Now let me tell you something about public transport in Rwanda (or at least the taxi-vans from Ruli to Kigali). Unlike other places I have been to where people get on the medium of transportation and then pretend to be in their little space bubble, blissfully unaware of those around them, transport here is a community experience. The taxi hadn’t gone more than a couple hundred yards when a spirited discussion broke out (no idea what it was about) full of laughter, raised voices and assenting “mmhhhmmmm”s. Everyone partook of the conversation, it was as if, in the absence of radio, people on the car where conducting their own talk-show experiment.
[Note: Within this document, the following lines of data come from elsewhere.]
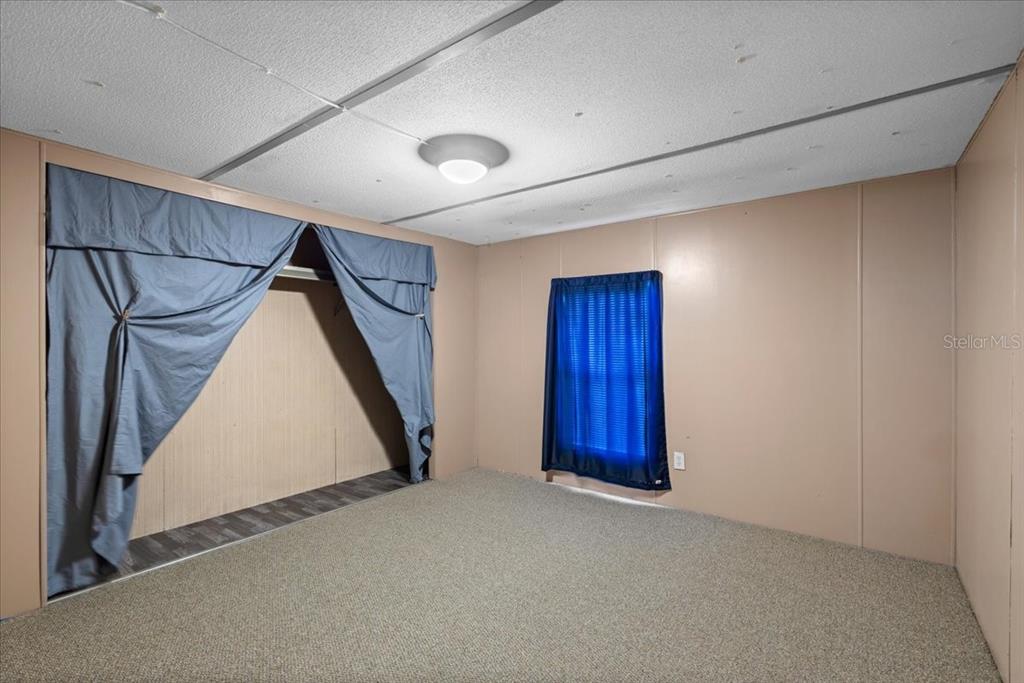 3100 Northwest 20th Street Bell, FL 32619 - Photo 26 of 39 a view of an empty room with a fireplace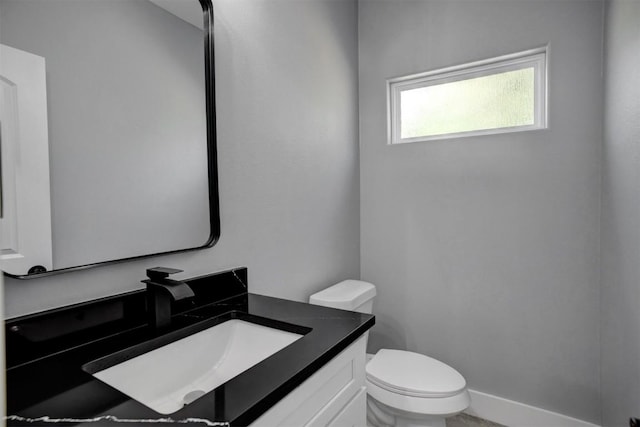 bathroom featuring toilet and vanity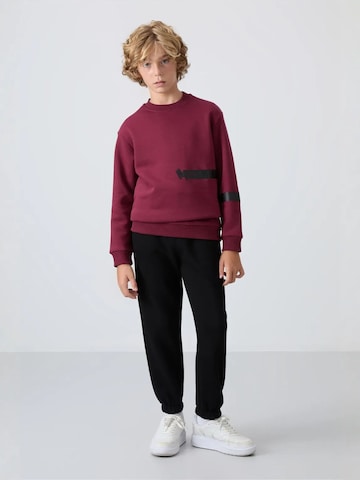 Tommy Life Broek 'TOMMY Kinder Jogginghose' in Zwart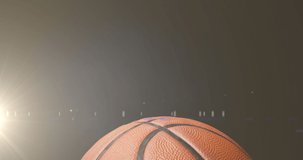 Animation of glowing gold particles moving over basketball. sport and competition concept, digitally generated video.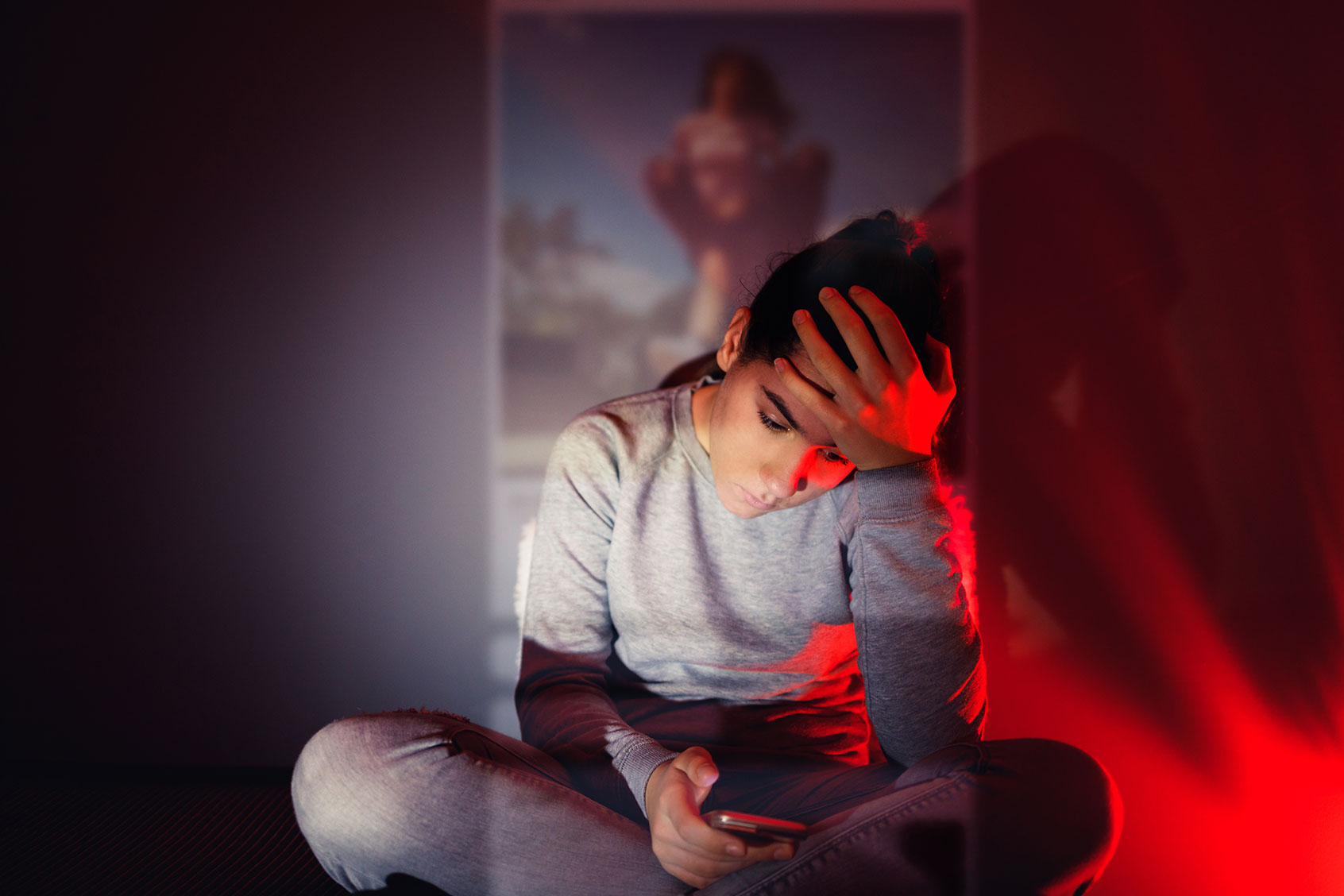 A 13-year-old girl is using her smartphone in the dark room (Getty Images)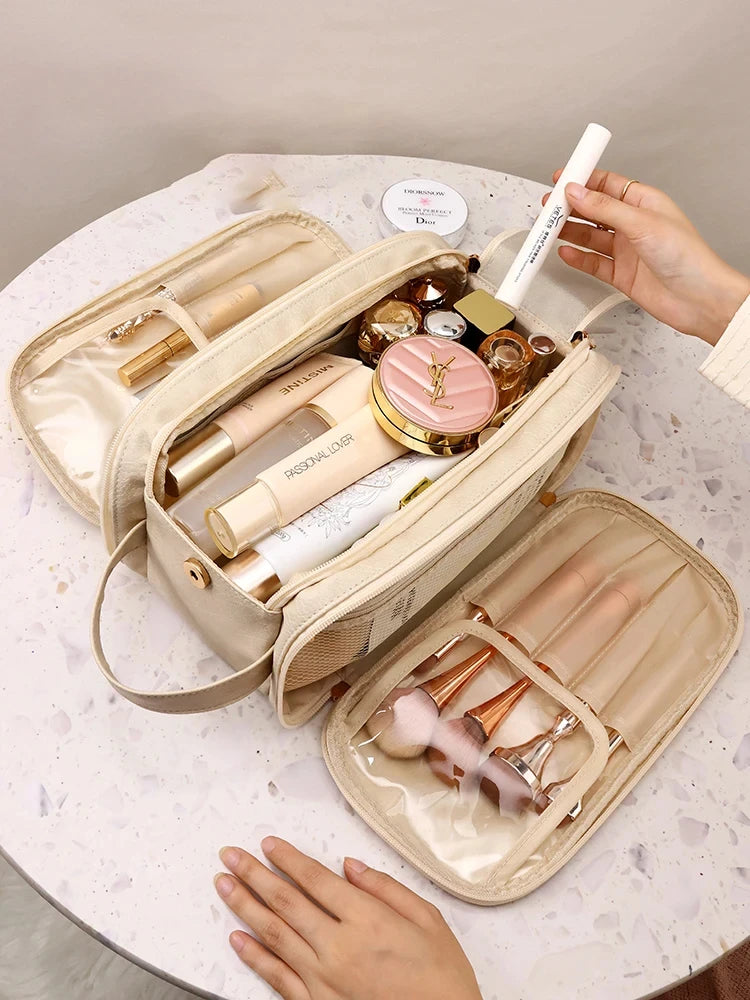 A beige cosmetic bag is open, displaying various makeup and skincare products like lipsticks and foundations on a white marbl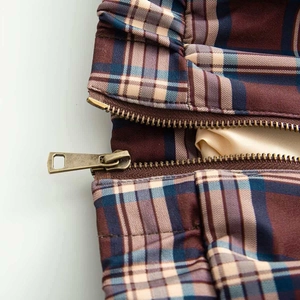 Detail of vintage plaid jacket featuring bronze metal zipper and smooth beige inner lining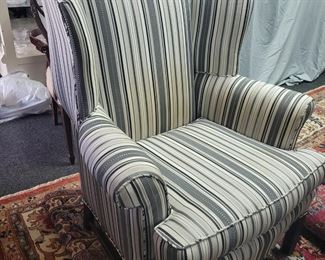 One of a pair of gray stripe wing back chair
This time we took a different road to Kigali. This road quickly went down the hills and followed a river into the city. I enjoyed noticing how the scenery subtly changed from the steep hilly slopes to the smaller more uniform valleys, all the while staying an intense green. I had a great view because I was lucky enough to get the window seat on the front row. What I hadn’t considered was that I was also very visible to all those we passed and so was slightly alarmed when a group of children coming out of school noticed me and after yelling “umusungu” started racing after the taxi-van. This happened in every town that we passed. As the taxi-van slowly navigated the many obstacles presented by dirt roads, children would notice me and after the initially “umusungu” warning to others (which at this point started to sound more like a war cry) would race after us shouting “giveamegiveamegiveamegiveame.” I have to admit that at first I was very entertained by this but any good feelings quickly turned sour as I began to dread that one of the children would be trampled by our taxi-van all because of the umusungu.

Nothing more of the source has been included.